Thailand is an attractive tax haven for investors wanting to pay comparatively low tax rates on their investments. At Home In Phuket has compiled a mini-guide that covers the most commonplace fees to expect when purchasing a home in Phuket. All taxes are governed by The Revenue Department of Thailand.
There are various ownership opportunities available for foreigners buying within the Kingdom.
It is wise to note that all agreements are prepared in Thai; the script should be translated into the language of the non-Thai parties.
The Condominium Act B.E. 2522 (1979), affords foreigners to have freehold ownership of a condominium unit as well as property co-ownership of common areas. This is currently the best form of tenure available to foreigners. Lawyers must check the foreign ownership quota before a purchase is made.
Foreigner ownership of a 30-year lease for a condominium or freehold land must be registered with the Land Department. The land is a leasehold tenure; foreigners can own buildings or structures on that land for the duration of the lease. The lease term can be renewed according to Thai law.

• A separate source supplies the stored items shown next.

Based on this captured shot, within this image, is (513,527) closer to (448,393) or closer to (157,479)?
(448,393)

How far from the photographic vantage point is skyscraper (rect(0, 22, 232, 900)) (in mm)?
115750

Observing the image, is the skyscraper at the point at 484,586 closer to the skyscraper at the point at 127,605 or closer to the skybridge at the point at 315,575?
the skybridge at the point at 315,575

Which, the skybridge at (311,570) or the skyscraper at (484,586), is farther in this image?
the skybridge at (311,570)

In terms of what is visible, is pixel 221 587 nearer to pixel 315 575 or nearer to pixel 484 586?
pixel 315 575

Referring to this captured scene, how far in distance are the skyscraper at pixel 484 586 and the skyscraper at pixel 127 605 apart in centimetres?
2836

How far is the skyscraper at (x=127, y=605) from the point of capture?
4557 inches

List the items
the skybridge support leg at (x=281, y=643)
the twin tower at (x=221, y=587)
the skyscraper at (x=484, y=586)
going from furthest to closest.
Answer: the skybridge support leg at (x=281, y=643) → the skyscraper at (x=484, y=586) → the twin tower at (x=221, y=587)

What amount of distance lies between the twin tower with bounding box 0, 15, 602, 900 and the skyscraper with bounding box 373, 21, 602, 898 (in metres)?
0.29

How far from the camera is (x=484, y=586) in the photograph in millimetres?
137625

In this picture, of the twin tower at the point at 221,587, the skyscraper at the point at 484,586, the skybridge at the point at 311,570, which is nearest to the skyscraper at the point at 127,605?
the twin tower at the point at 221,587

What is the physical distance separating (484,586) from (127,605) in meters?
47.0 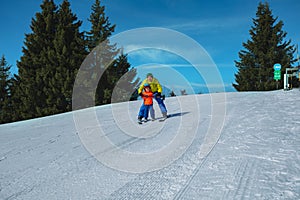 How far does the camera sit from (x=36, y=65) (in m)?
25.7

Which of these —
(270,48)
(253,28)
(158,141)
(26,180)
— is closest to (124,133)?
(158,141)

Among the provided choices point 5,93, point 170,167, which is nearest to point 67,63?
point 5,93

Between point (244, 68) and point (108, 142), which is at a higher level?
point (244, 68)

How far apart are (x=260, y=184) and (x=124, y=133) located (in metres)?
3.50

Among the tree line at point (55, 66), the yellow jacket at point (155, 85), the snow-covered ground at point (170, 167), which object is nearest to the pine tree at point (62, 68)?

Section 538 of the Thai Civil and Commercial Code specifies that any land lease that is over three years must be registered at the Land Registry Office; the registration fee is 1% of the absolute sum of the entire term of the lease agreement. This fee can be borne equally by the lessor and lessee upon mutual agreement.
Stamp Duty for leasehold properties is payable at the duty rate of 1 Baht for every 1,000 Baht of the total rental fee over the term of the lease agreement.
Property tax | Credit: Watchara Ritjan on Shutterstock
Taxation in Thailand is complicated, and there are tax liabilities when buying or selling a property. It’s essential to understand these liabilities before purchase.
The transfer fee is based on the official valuation of the property - the Sale and Purchase Agreement states who is responsible for the 2% fee. The transfer fee is payable at the Land Registry Office on the day that the ownership is transferred.
Some businesses are exempt from paying VAT; instead, they are liable for Specific Business Tax (SBT). Earnings from real estate sales fall into this bracket. This business tax is payable by individuals that sell properties that they have owned for less than five years. The tax rate is 3.3% (including municipal tax) of the selling price or the official valuation of the property, whichever is higher.
In the case of purchasing land, where SBT does not apply, then stamp duty is payable. Both the buyer and seller are subject to pay 0.5% duty based on the official valuation or contracted sale price, whichever is higher.
Specific Business Tax does not have to be paid if:
If the property is transferred to an heir in a will
If the property is transferred to a rightful child
If possession of the property is more than five years
The property is transferred to a Thai Government Agency or place of religious worship
Withholding tax is calculated at 1% of the Land Departments official valuation or the contracted sales price, whichever is greater. The withholding tax under the Revenue Code of Thailand is only applicable if the seller is a company; thus meaning an individual who earns an income from selling properties. The tax is calculated at an increasing rate which is based on the official valuation of the property. Any deductions are relational to the number of years of possession.
|Transfer Fee||2%||Buyer or shared|
|Specific Business Tax||3.3%||Seller|
|Withholding Tax||1% or progressive rate||Seller|
Please note that this is only intended as a guide; legal representation is recommended.